Los ciudadanos de los países que han dado pasos firmes
en el sendero acertado son menos obedientes. Y eso se verifica no solo en el campo
de la política, sino en lo cotidiano. Ellos son habitantes que esperan más de
sus semejantes. Exigen excelente trato si son clientes, respeto en todas las
relaciones interpersonales y amabilidad en sus vínculos personales.
Quien no se ajusta a esas reglas no consigue
desarrollar. No es una obligación formal, sino una norma no escrita de
convivencia que permite valorizar a los mejores y relegar a los que no son
parte de esa dinámica.
Esa conducta frente a todo no garantiza elegir el camino
correcto, ni siquiera a la hora de optar por las ideas necesarias para
prosperar, pero asegura que ante el fracaso se tiene capacidad de aprendizaje.
No se trata de encontrar un método infalible.

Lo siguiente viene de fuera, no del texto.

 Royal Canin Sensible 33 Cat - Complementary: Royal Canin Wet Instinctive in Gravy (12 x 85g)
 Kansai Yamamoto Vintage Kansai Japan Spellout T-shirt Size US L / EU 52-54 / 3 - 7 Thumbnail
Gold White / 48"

De hecho
no existe tal cosa como el mundo de las certezas en esto de tomar decisiones.
Justamente por eso importa tanto tener el talento de maniobrar, para lo cual
resulta central darse cuenta, asumir el error y reaccionar a la velocidad
precisa para retomar la ruta que lleva hacia los objetivos esperados.

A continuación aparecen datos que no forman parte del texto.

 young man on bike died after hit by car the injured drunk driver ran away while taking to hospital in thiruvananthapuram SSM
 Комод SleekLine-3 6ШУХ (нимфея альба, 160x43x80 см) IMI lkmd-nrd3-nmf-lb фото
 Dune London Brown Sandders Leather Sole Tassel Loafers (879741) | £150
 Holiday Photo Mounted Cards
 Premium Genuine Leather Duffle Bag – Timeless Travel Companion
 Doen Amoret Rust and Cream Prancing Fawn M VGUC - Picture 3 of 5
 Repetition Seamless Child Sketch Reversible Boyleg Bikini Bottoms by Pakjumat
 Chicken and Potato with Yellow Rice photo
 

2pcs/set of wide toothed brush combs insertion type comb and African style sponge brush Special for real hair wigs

No es tarea sencilla semejante desafío. Volverse
exigente es una gimnasia que empieza siendo individual, para luego convertirse
en una característica social que se difunde por etapas y que resulta
irresistible.
No hay que caer en el derrotismo de suponer que es
imposible. Mucho menos en la trampa de asumir con resignación que solo es mero
atributo cultural incorregible. De hecho quienes pasan de residir en
comunidades mansas para luego radicarse en otras más rigurosas, aprenden con
rapidez las nuevas reglas y se apropian de esa rutina con total convicción.

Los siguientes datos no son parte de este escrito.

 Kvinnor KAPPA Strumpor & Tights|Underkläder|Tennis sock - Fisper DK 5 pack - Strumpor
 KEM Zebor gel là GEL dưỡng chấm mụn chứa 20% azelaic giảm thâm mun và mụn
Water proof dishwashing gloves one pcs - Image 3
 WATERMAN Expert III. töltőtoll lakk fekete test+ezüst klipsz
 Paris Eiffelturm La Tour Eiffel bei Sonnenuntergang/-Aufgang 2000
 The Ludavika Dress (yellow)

El primer paso es asumir el problema. Entenderlo,
comprenderlo en toda su dimensión, para luego intentar convertirlo en un
hábito, replicarlo en el entorno e instalarlo como costumbre natural en la vida
en comunidad.
La clase política seguirá haciendo de las suyas si la
sociedad no revisa sus actuales paradigmas. Ellos pueden manipular todo, mentir
de modo serial, abusar de su poder, asignarse privilegios y delinquir
crónicamente sin siquiera ofrecer algo como compensación. La calidad de los
dirigentes se transforma solo cuando la gente es capaz de expulsar a los
peores, y desde entonces lidiar únicamente con los que cumplen con cierto
estándar.
Si se desea progresar, si realmente se espera vivir en
una sociedad mejor, habrá que hacer los deberes primero. Una postura cívica
responsable antecede a lo que se espera conseguir. Cuando la regla general es
dejarse aplastar de forma cotidiana, permitir el saqueo como experiencia diario
y la propuesta permanente es seguir en lo mismo, el resultado está a la vista.
Una parte relevante de ese gran cambio que todos pretenden pasa por dejar de
lado esta patética historia de abundante docilidad.